Convergence not improving in a simple Monte Carlo simulation

166 Views Asked by At

I'm writing a complex Monte Carlo code. While debugging, I noticed an unexpected problem that my random number generator was producing. I am confused on why its happening. To illustrate, I've written a simple code.

In the simplified code, I'm generating $1000$ random numbers between $(0,1)$ to calculate the number of numbers below $0.5$. I'm iterating this process for about $50000$ times. I am also taking its mean value after each iteration to plot the convergence. The following is the code:

rng('shuffle');

MxI = 50000;
MxL = 1000;

ResultArray1 = zeros(MxI, 1);
ResultArray2 = zeros(MxI, 1);
        
for cnt = 1:MxI

    xPos = rand(MxL,1);
    BeLow = 0;
    for i = 1:MxL
        if xPos(i) < 0.5
            BeLow = BeLow+1;
        end
    end

    ResultArray1(cnt) = BeLow;
    ResultArray2(cnt) = mean(ResultArray1(1:cnt));

end

figure;
plot(ResultArray2);

The resulting plot shows the number of values below 0.5 after each iteration. Now, if I run the code two times and superimpose the resulting images, I expect the difference between the two plots to gradually decrease. However, that does not happen. At rare occasions, it converges and at other times it would remain at at approximately fixed distance. Sometimes it would even diverge slightly. See the following figure for the results from the last $15000$ steps, The last 15000 steps are shown

Now I admit the values are very close to $500$ (The exact answer). However, wouldn't the two lines converge even more as I increase the iterations? Or am I expecting too much for the pseudo-random number generator?

1

There are 1 best solutions below

3
On BEST ANSWER

It converges, but slowly. Here is my python code comparing iterations [10, 14], [1000, 1004], and [100000, 100004].

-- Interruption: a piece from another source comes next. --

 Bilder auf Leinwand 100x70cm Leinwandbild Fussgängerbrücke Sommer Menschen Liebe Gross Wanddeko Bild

They are closer and closer, and the lines change less and less within 5 iterations. You expect their distance decrease about 1/10 after making x100 more iterations, as there is a 1/sqrt(n) convergence.

import numpy as np
import matplotlib.pyplot as plt

rng = np.random.default_rng()

MxI = 100005
MxL = 1000

ResultArray1 = np.zeros(MxI)
s = []

for i in range(2):
    for cnt in range(MxI):

        xPos = rng.uniform(0, 1, MxL)
        ResultArray1[cnt] = (xPos < 0.5).sum() / MxL

    s.append((1000 * ResultArray1.cumsum() / np.ones_like(ResultArray1).cumsum()) - 500)

plt.plot(s[0][10:15])
plt.plot(s[1][10:15])
plt.show()

plt.plot(s[0][1000:1005])
plt.plot(s[1][1000:1005])
plt.show()

plt.plot(s[0][100000:100005])
plt.plot(s[1][100000:100005])
plt.show()

In the picture, the difference is on order of 1, then order of 0.1, then order of 0.01 as it approximately should be:

10 iterations

1,000 iterations

100,000 iterations

As for the math, we are averaging iid Binomial(1000, 1/2) random variables, so they converge to the mean of one of them, which is $1000 \cdot (1/2) = 500$.

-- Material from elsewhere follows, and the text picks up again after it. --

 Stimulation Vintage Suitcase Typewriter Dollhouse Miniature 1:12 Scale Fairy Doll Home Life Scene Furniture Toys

The variance is $\textrm{var}((X_1 + \cdots + X_n) / n) = \frac{n \cdot \textrm{var}(X_1)}{n^2} =\frac{\textrm{var}(X_1)}{n}$. So the standard deviation decays as 1/sqrt(n). And that is also the decay of the difference of two of them, as in that case the difference has x2 the variance which also decays as 1/sqrt(n). The $1/\sqrt(5/3.5)\approx 0.83$ improvement is not necessary visible. This 0.83 is true if you take the average distance after both 35000 and 50000 iterations independently and compare.